Michael Addition Reactions of Cyclanone Homologous series with Acrylamide Derivatives: Preferring 2-Carbamoylethyl Derivatives or Ene-lactams
writer:Weifeng Dai, Chaohua Wang, Xi Zhang, Jinming Zhang and Meidong Lang*
keywords:Michael addition reaction, cyclanone, acrylamide, ene-lactam, 2-carbamoylethyl derivative
source:期刊
specific source:Science in China Series B: Chemistry. 2008, 51, 1044-1055
Issue time:2008年
The electron-withdrawing groups (EWGs) in the electrophilic alkenes employed in the Michael addition reaction are almost only CO2R, CN, COR, NO2, and SO2Ph. Although amides (CONR1R2) are also typical electron-withdrawing groups and are of great importance in organic synthesis, they are scarcely employed as the EWGs of the electrophilic alkenes in the Michael addition reaction.

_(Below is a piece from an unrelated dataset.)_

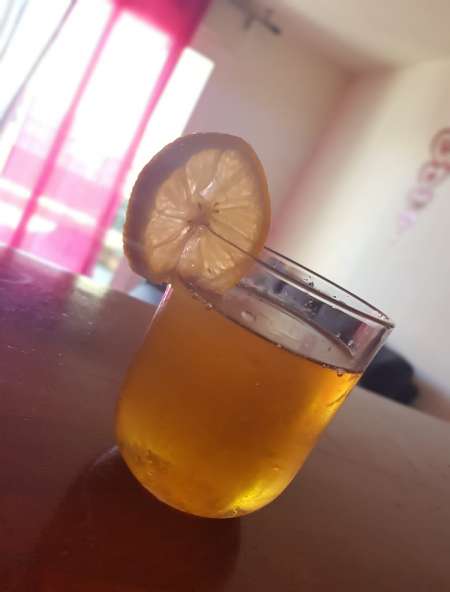 Jeune homme pour vous servir vous mesdames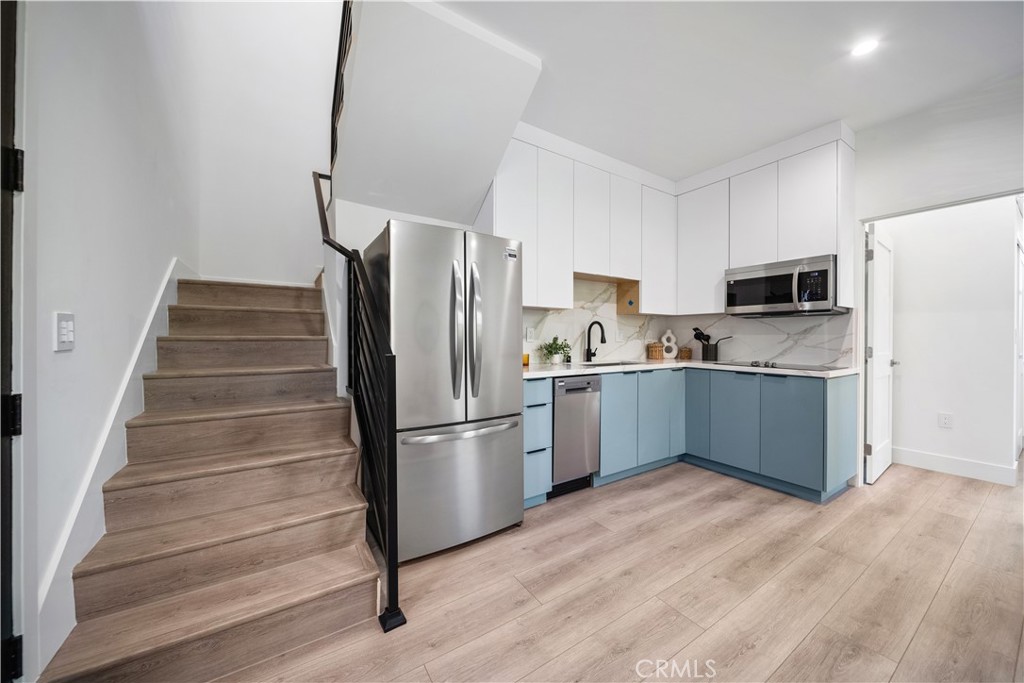 5623, 5625, 5627 Oso Ave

In this work, the Michael reactions of acrylamide and its derivatives with cyclanones were successfully carried out in the presence of enough radical inhibitors. The amide groups play a key role in producing the preferred products. The N-substituted acrylamides, including N-monosubstituted and N,N-disubstituted acrylamides could react with cyclohexanone (CHn) to give the expected 2-carbamoylethyl derivatives; however, acrylamide reacting with cyclohexanone only produced ene-lactam. Cyclanones also have effects on the products, while the ring size of cyclanones influences the reaction yield and the α-substituent decides the ratio of resulting isomeric ene-lactams.